**Work to be completed:**
In the entries below, find the line with "Ukrainian protesters in" and the line with "une croix argentée". Print those two and everything between them exactly, and nothing else.

**Listed entries:**
- - - -

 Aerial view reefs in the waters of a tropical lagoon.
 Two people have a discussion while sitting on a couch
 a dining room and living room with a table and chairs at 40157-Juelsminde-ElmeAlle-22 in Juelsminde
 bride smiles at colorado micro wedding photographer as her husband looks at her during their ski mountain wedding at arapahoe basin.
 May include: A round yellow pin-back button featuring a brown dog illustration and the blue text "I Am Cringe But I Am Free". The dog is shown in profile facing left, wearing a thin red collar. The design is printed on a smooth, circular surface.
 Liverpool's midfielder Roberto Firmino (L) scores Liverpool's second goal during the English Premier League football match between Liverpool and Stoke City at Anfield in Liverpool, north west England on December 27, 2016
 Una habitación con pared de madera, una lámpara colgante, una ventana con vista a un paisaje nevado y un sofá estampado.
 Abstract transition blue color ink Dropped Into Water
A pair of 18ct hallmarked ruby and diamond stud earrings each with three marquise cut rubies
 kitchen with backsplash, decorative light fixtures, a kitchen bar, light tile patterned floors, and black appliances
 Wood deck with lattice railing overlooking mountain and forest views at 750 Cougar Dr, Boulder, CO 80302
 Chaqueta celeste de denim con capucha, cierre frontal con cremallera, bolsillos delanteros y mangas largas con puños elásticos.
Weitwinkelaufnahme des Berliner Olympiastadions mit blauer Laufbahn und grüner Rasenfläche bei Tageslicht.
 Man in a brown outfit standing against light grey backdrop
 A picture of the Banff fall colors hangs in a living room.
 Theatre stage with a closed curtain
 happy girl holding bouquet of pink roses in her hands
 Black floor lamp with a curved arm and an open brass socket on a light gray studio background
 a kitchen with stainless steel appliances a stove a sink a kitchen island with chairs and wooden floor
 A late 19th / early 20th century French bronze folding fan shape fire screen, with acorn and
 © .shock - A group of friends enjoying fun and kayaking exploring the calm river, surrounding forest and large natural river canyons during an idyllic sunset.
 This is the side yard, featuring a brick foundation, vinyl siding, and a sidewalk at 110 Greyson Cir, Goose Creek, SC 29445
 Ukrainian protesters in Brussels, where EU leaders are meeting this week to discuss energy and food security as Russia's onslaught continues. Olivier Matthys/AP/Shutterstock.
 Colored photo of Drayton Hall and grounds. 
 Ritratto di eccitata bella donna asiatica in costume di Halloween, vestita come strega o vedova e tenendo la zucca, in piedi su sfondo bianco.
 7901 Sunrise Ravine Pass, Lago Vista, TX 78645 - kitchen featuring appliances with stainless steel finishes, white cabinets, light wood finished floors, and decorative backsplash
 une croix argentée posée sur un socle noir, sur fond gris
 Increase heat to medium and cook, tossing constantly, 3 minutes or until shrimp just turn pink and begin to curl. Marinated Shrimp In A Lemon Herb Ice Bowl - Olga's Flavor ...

- - - -

**Written solution:**
 Ukrainian protesters in Brussels, where EU leaders are meeting this week to discuss energy and food security as Russia's onslaught continues. Olivier Matthys/AP/Shutterstock.
 Colored photo of Drayton Hall and grounds. 
 Ritratto di eccitata bella donna asiatica in costume di Halloween, vestita come strega o vedova e tenendo la zucca, in piedi su sfondo bianco.
 7901 Sunrise Ravine Pass, Lago Vista, TX 78645 - kitchen featuring appliances with stainless steel finishes, white cabinets, light wood finished floors, and decorative backsplash
 une croix argentée posée sur un socle noir, sur fond gris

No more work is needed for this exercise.